■ What is required: Output the data verbatim, minus the images.

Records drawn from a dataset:

============================================================

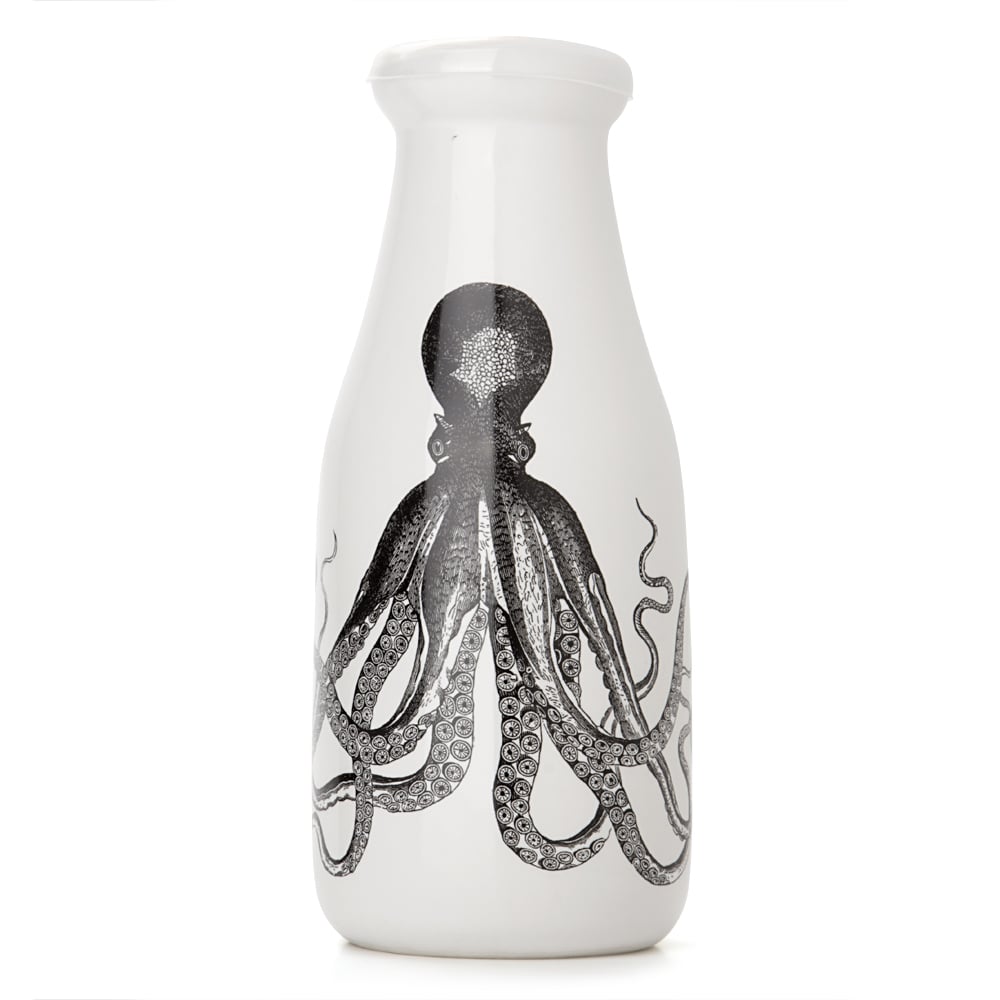 Robert Gordon Ships Ahoy Octopus Milk Bottle 500ml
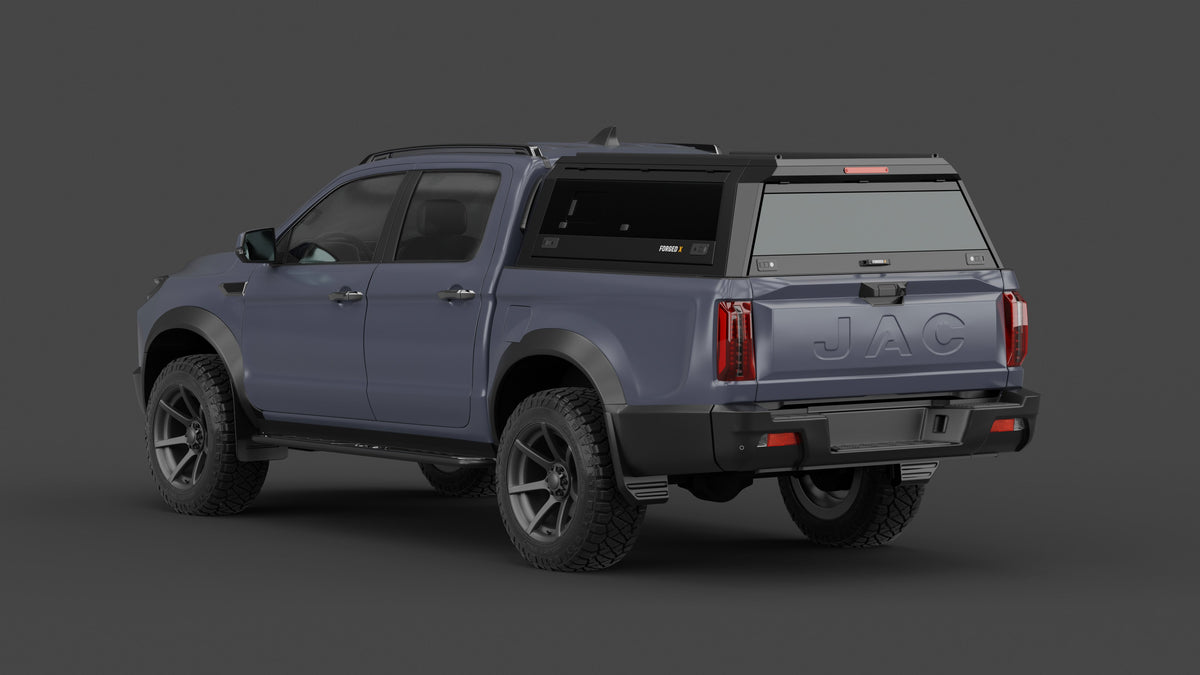 JAC T9 Canopy Guide: 2024-on Dual Cab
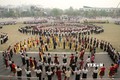 Xác lập kỷ lục đồng diễn Xòe Thái mừng 70 năm Chiến thắng Điện Biên Phủ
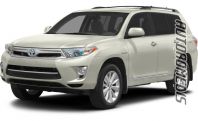 TOYOTA     トヨタ Highlander Hybrid (GVU48L) 08/2010-	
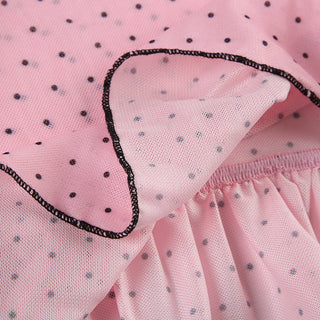 polka dot pajamas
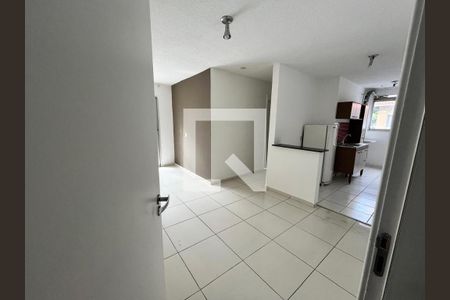 Sala de apartamento à venda com 1 quarto, 53m² em Taquara, Rio de Janeiro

============================================================

■ Task solution:
 Robert Gordon Ships Ahoy Octopus Milk Bottle 500ml
 JAC T9 Canopy Guide: 2024-on Dual Cab
 Xác lập kỷ lục đồng diễn Xòe Thái mừng 70 năm Chiến thắng Điện Biên Phủ
 TOYOTA     トヨタ Highlander Hybrid (GVU48L) 08/2010-	
 polka dot pajamas
 Sala de apartamento à venda com 1 quarto, 53m² em Taquara, Rio de Janeiro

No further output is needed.